→ What is required: Reproduce the listing below exactly. Pictures do not belong in the copy.

→ Information supplied:

┌────────

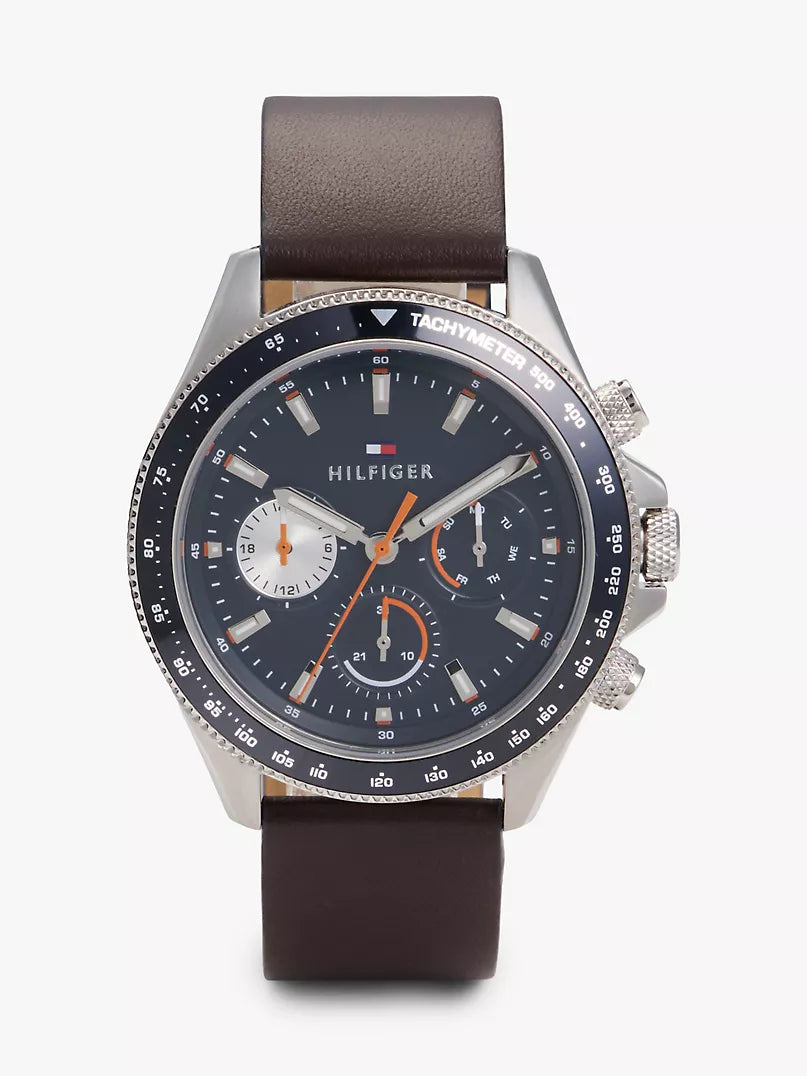 Tommy Hilfiger 46MM Leather Multifunction Sport Watch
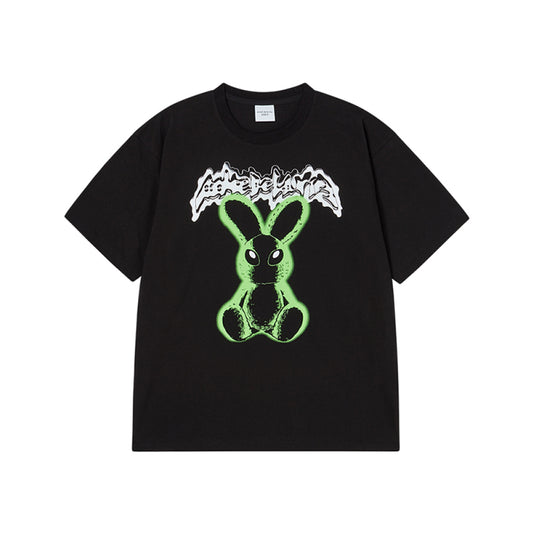 NEON ALIEN RABBIT SHORT SLEEVE T-SHIRT BLACK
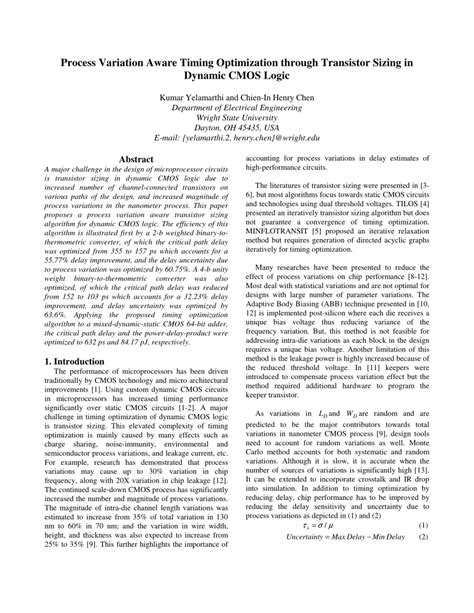 Pdf Process Variation Aware Timing Optimization Through Transistor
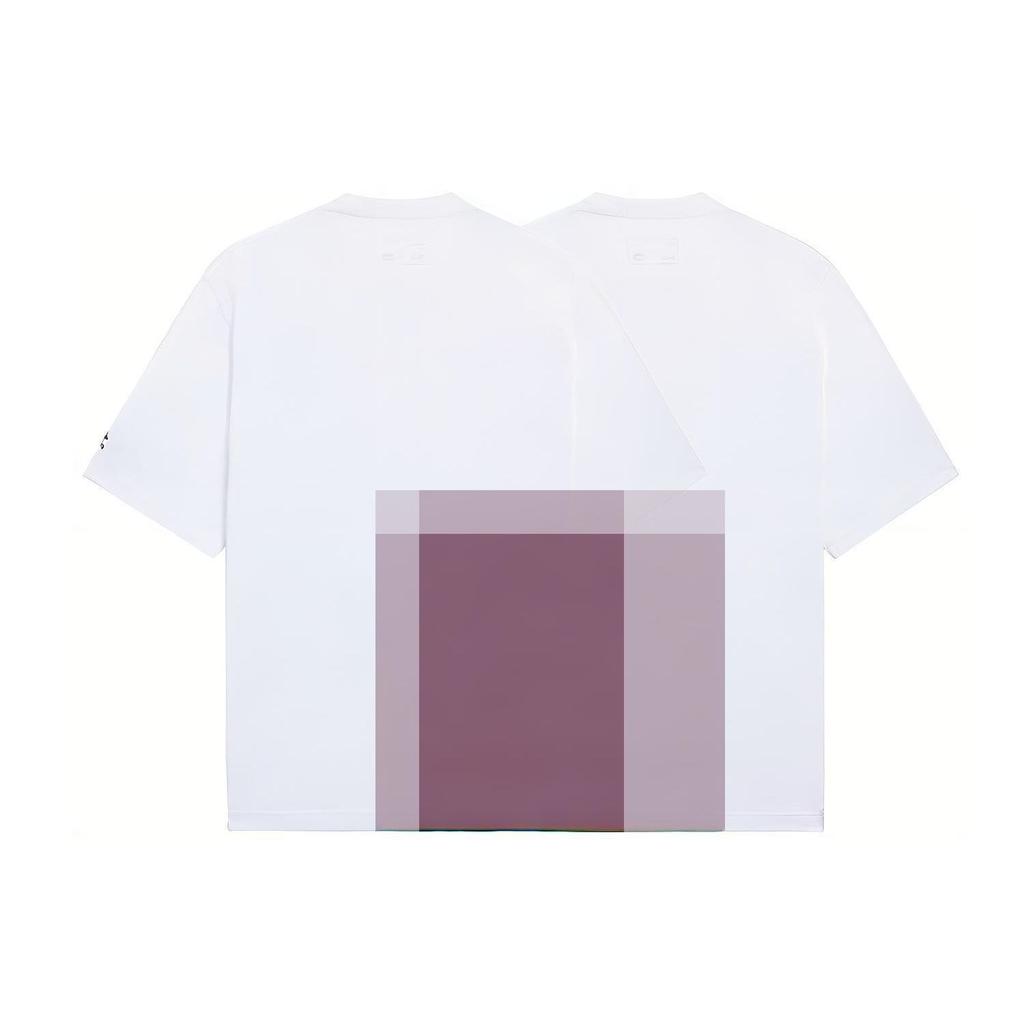 Li-Ning Embroidered Pattern Solid Color Round Neck Casual T-Shirt Men Tops White AHSS323-1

└────────

→ Exercise response:
 Tommy Hilfiger 46MM Leather Multifunction Sport Watch
 NEON ALIEN RABBIT SHORT SLEEVE T-SHIRT BLACK
 Pdf Process Variation Aware Timing Optimization Through Transistor
 Li-Ning Embroidered Pattern Solid Color Round Neck Casual T-Shirt Men Tops White AHSS323-1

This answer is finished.